Question

In the figure, two circular flower beds have been shown on two sides of a square lawn ABCD of side 56 m. If the center of each circular flower bed is the point of intersection of O of the diagonals of the square lawn, find the sum of the areas of the lawn and the flower bed.

Answer 1

Hint: Total area of the figure given can be found by taking the area of lawn and the two flower beds, i.e. area of square and the area of 2 segments formed. Here the 2 flower beds are of the same area.

Complete step-by-step answer:

It is said that 2 circular flower beds are shown on 2 sides of the square lawn ABCD.
Thus to get the total area, it is the sum of the area of lawn and area of flower bed.
\[\therefore \]Total area = Area of lawn + Area of flower bed.
We can find the area of lawn ABCD, which is a square of side 56 m.
\[\therefore \]Area of lawn = Area of square \[={{\left( side \right)}^{2}}={{\left( 56 \right)}^{2}}=3136{{m}^{2}}.\]
\[\therefore \]Hence we got the area of the lawn \[=3136{{m}^{2}}.\]
Now we need to find the area of the flower beds AB and CD.
Area of flower bed AB = area of segment AB = Area of sector OAB – Area of \[\Delta OAB.\]
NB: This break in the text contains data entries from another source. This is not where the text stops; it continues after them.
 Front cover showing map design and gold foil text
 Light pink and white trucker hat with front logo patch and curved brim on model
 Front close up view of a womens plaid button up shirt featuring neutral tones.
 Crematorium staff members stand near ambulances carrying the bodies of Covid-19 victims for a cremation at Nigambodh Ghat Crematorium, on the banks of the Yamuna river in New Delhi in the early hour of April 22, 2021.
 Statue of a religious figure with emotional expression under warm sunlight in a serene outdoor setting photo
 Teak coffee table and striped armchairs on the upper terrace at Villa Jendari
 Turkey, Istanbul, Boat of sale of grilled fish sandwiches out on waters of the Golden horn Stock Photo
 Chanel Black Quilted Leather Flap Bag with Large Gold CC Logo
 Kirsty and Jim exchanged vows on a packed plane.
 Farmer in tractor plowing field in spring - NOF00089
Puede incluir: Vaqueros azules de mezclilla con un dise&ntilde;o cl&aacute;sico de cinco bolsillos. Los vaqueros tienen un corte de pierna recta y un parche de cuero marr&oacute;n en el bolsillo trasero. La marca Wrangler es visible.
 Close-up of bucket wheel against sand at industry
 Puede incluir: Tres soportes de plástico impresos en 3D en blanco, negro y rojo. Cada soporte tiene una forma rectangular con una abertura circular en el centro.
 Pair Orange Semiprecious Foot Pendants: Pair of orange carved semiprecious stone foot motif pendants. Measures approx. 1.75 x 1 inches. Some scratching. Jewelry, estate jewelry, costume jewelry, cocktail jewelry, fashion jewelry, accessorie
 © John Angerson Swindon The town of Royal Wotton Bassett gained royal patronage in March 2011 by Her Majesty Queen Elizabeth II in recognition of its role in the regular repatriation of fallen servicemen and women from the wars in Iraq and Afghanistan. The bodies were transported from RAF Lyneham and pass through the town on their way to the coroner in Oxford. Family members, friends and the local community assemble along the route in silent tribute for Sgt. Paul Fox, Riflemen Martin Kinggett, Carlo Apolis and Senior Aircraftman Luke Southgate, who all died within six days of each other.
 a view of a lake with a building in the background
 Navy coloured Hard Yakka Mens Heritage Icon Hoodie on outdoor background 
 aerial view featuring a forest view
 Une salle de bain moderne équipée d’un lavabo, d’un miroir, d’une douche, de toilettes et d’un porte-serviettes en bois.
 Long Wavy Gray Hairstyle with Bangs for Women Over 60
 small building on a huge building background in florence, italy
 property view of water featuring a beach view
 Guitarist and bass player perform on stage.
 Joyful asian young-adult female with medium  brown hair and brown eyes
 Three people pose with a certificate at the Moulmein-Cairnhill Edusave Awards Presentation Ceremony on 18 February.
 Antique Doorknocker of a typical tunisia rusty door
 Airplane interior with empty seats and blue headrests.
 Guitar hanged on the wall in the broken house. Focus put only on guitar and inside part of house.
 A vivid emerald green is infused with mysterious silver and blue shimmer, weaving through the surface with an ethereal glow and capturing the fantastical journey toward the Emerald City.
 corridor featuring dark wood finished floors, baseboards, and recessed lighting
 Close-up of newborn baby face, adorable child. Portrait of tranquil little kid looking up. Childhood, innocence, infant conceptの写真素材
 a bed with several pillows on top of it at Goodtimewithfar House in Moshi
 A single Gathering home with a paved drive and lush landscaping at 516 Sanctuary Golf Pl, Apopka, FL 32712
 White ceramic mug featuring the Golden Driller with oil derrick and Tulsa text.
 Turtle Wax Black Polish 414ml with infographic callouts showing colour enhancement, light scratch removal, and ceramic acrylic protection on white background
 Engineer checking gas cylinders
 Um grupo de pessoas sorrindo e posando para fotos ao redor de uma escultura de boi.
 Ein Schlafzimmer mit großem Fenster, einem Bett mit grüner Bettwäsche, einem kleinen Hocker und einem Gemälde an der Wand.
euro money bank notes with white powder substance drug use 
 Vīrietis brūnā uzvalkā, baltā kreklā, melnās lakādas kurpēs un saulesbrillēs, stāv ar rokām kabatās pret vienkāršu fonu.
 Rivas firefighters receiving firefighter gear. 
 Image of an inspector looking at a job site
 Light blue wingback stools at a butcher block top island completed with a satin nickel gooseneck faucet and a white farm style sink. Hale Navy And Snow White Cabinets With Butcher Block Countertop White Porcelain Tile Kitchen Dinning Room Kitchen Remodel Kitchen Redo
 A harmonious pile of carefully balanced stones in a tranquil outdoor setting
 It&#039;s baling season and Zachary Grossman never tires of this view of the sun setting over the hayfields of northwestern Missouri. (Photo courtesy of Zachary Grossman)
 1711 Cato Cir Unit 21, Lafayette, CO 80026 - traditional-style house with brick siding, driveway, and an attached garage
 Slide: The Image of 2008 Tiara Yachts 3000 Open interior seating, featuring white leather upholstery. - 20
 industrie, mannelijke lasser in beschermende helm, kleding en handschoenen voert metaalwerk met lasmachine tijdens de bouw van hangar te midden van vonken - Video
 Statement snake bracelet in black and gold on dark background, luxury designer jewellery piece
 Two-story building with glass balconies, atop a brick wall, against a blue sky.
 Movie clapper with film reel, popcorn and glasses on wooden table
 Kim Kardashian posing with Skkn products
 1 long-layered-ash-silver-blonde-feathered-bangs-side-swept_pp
First let us find the length of OA and OB.
We know that the diagonals of a square bisect at right angles are equal.
\[\therefore \angle AOB={{90}^{\circ }}\] and OA = OB.
Let us put OA = OB = x.
Now, let us consider \[\Delta OAB.\]
By Pythagoras theorem,
\[\begin{align}
  & {{\left( hypotenuse \right)}^{2}}={{\left( height \right)}^{2}}+{{\left( base \right)}^{2}} \\
 & \therefore A{{B}^{2}}=O{{A}^{2}}+O{{B}^{2}} \\
\end{align}\]
We know that \[AB=56m\].
\[\begin{align}
  & \therefore {{\left( 56 \right)}^{2}}={{x}^{2}}+{{x}^{2}} \\
 & \therefore 2{{x}^{2}}={{\left( 56 \right)}^{2}} \\
 & \therefore {{x}^{2}}=56\times 28...........(1) \\
\end{align}\]
We know the area of sector \[=\dfrac{\theta }{360}\times \pi {{r}^{2}}.\]
\[\therefore \]Area of sector OAB, with \[\theta ={{90}^{\circ }}\] and r = x.
\[\therefore \]Area of sector OAB
\[\begin{align}
  & =\dfrac{90}{360}\times \pi {{x}^{2}} \\
 & =\dfrac{90}{360}\pi \left( 56\times 28 \right) \\
 & =\dfrac{1}{4}\times \dfrac{22}{7}\times 56\times 28 \\
 & =22\times 56 \\
 & =1232{{m}^{2.}} \\
\end{align}\] \[\begin{align}
  & \left[ \because {{x}^{2}}=56\times 28 \right] \\
 & \left[ Take:\pi ={}^{22}/{}_{7} \right] \\
\end{align}\]
Let us find the area of \[\Delta OAB.\]
The diagonals of a square divide the square into congruent triangles.
\[\therefore \Delta AOB\cong \Delta BOC\cong \Delta COD\cong \Delta AOD.\]
Thus all triangles are similar, i.e. congruent triangles have the same area.
\[\therefore ar\left( \Delta AOB \right)=ar\left( \Delta BOC \right)=ar\left( \Delta AOD \right).\]
which is equal to \[{{{}^{1}/{}_{4}}^{th}}\]of the area of square ABCD.
\[\begin{align}
  & \therefore 4ar\left( AOB \right)=ar\left( ABCD \right) \\
 & ar\left( AOB \right)=\dfrac{1}{4}ar\left( ABCD \right) \\
 & \therefore ar\left( AOB \right)=\dfrac{1}{4}\times 3136=784{{m}^{2}}. \\
\end{align}\]
\[\therefore \]Area of \[\Delta AOB=784{{m}^{2}}.\]
\[\therefore \]Area of flower bed = Area of sector AOB – Area of \[\Delta AOB=1232-784=448{{m}^{2}}.\]
Similarly by symmetry we can say that the area of flower bed CD is the same as area of flower bed AB \[=448{{m}^{2}}\].
\[\therefore \]Area of lawn + Area of flower bed
\[=3136+(448+448)=4032{{m}^{2}}\].
Thus we got the total area of the lawn and the flower beds as \[4032{{m}^{2}}\].

Note: We have used properties of squares to find the area of the triangles that are formed in the square, which will be of the same area and divide the square into 4 equal areas. Remember the formula for finding the area of a sector and prove that the angle formed between \[\angle AOB={{90}^{\circ }}\], so as to find the area of the sector.